The monk’s daily and weekly ‘pensum’ of psalms then, can be seen as penance done on behalf of the people to purge them of their sins, so that, as Psalm 94 daily reminded the monk, all might hear and respond to God’s call, and thus enter the promised land of heaven.

And perhaps there is another implicit link which I will come back to in due course, in the spreading of the psalms over seven days, to the idea best articulated by St John Chrysostom and recently highlighted by Benedict Anderson, that the liturgy is about effecting the repair of creation, damaged by the Fall. [15]
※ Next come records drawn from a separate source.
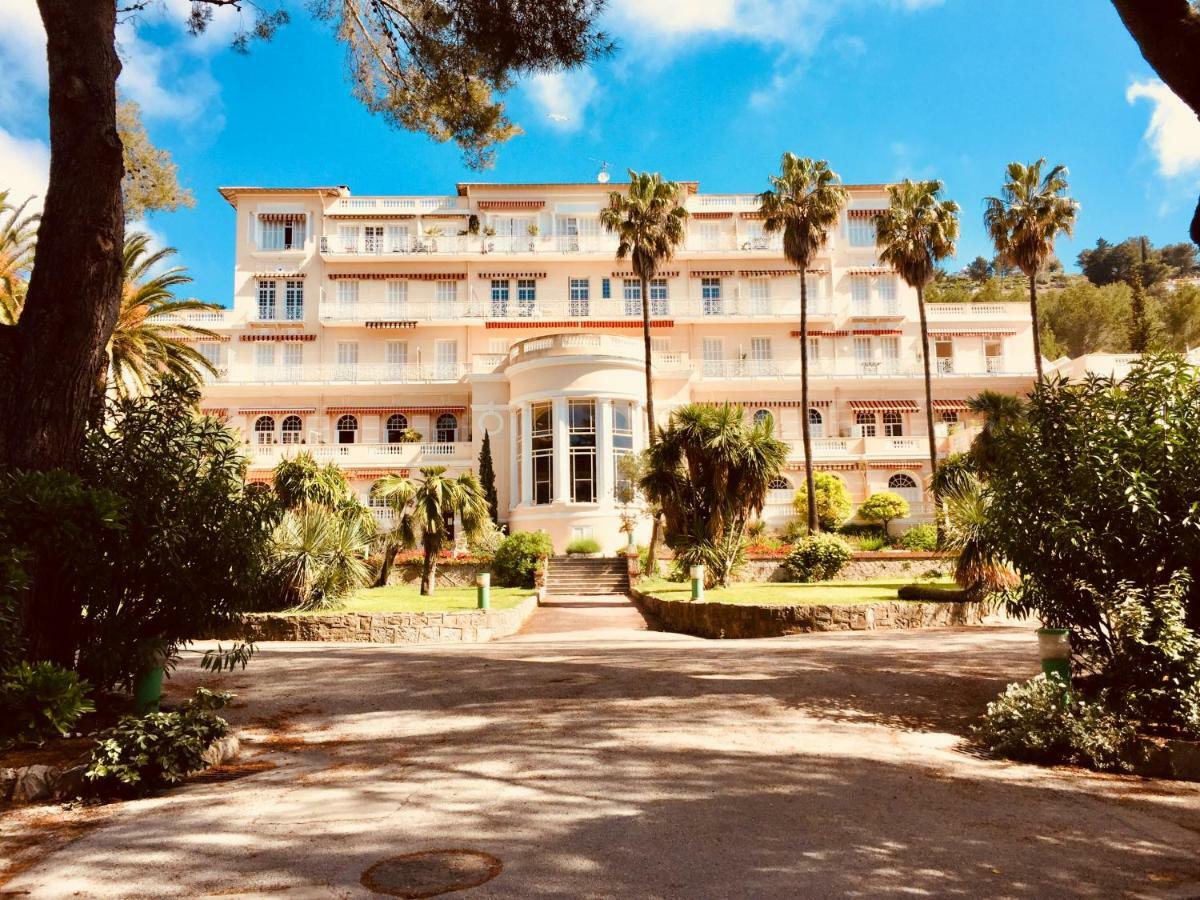 Studio 4 Personnes Avec Piscine, Tennis Apartment Hyères Екстериор снимка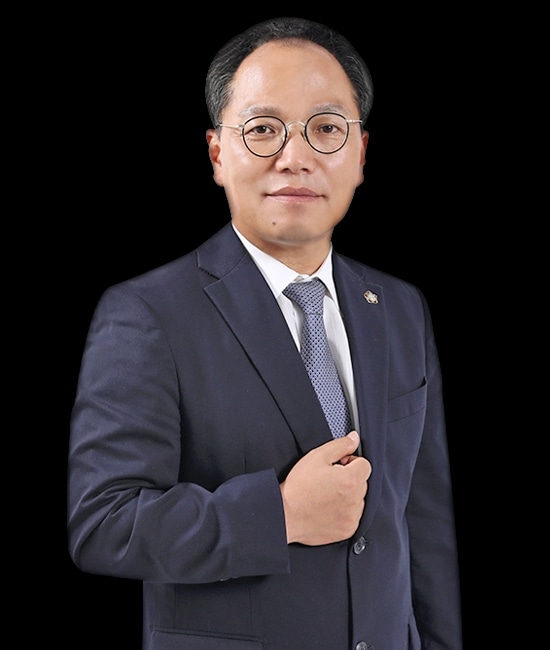 부산변호사 정재봉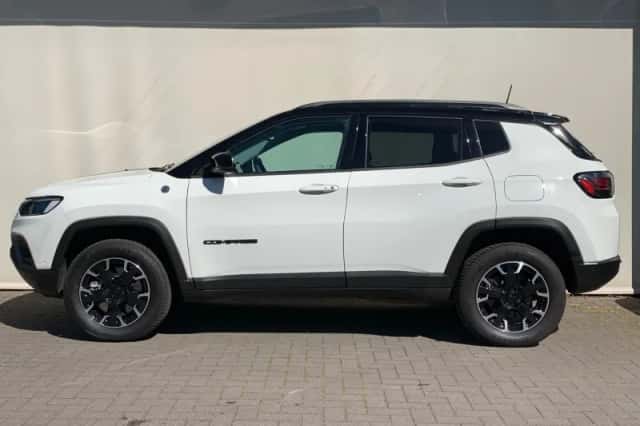Jeep Compass (2024) thumbnail 4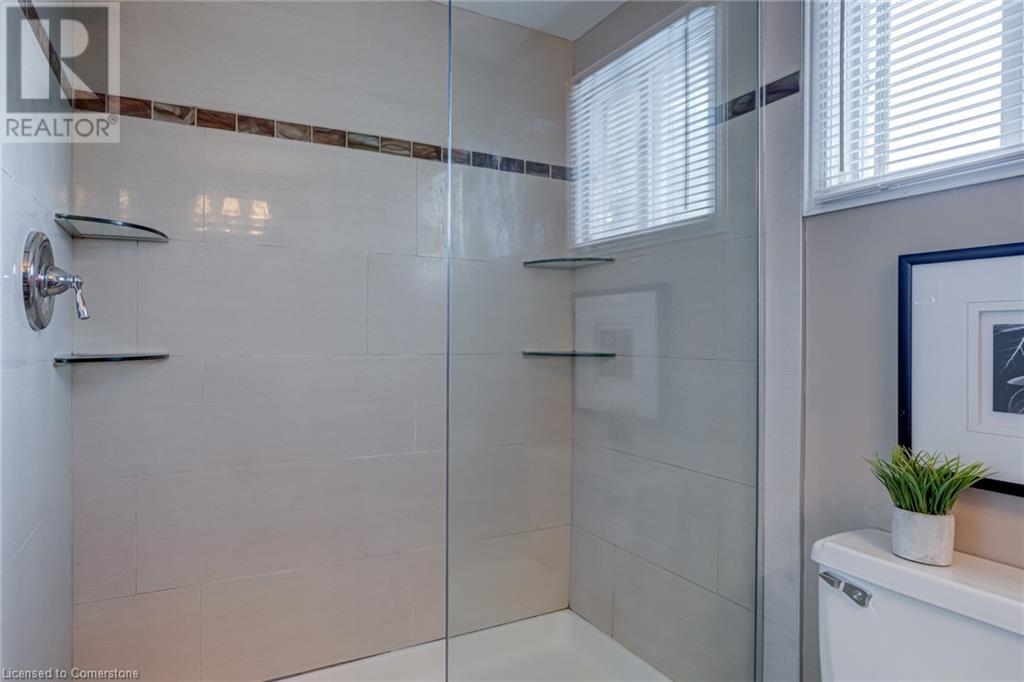 2055 Hunters Wood Drive, Burlington, Ontario  L7M 2T9 - Photo 26 - 40749885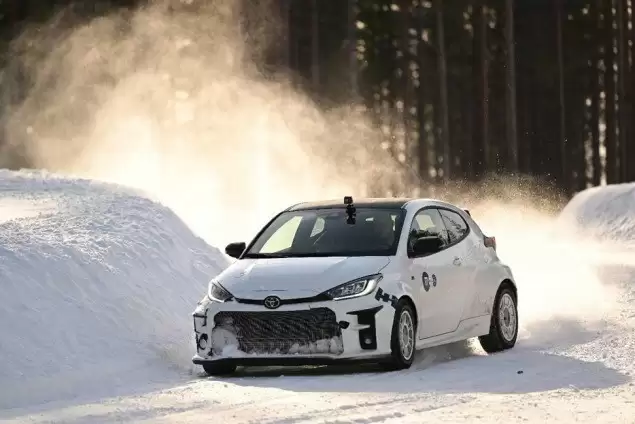 致敬时代记录者，尼康助力新闻工作者捕捉真相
And you can find the next post in this series here.

Notes

[1] Daniel Caner's Wandering, Begging Monks: Spiritual Authority and the Promotion of Monasticism in Late Antiquity, University of California Press, 2002, pp 267.


[2] (RC 69).

[3] RB 13 12-14 - Plane agenda matutina vel vespertina non transeat aliquando, nisi in ultimo per ordinem oratio dominica, omnibus audientibus, dicatur a priore..., [14] Ceteris vero agendis, ultima pars eius orationis dicatur, ut ab omnibus respondeatur: Sed libera nos a malo.

[4] Propter scandalorum spinas quae oriri solent, [13] ut conventi per ipsius orationis sponsionem qua dicunt: Dimitte nobis sicut et nos dimittimus, purgent se ab huiusmodi vitio. 

[5] RC 1: Ch 1, trans McCarthy, in La Corte and McMillan ed Regular Life, Monastic, Canonical and Mendicant Rules, pp 58-9).

[6]  Cyprian, Treatise IV, Robert Ernest Wallis (trans), Ante-Nicene Fathers, Vol. 5. Edited by Alexander Roberts, James Donaldson, and A. Cleveland Coxe. (Buffalo, NY: Christian Literature Publishing Co., 1886.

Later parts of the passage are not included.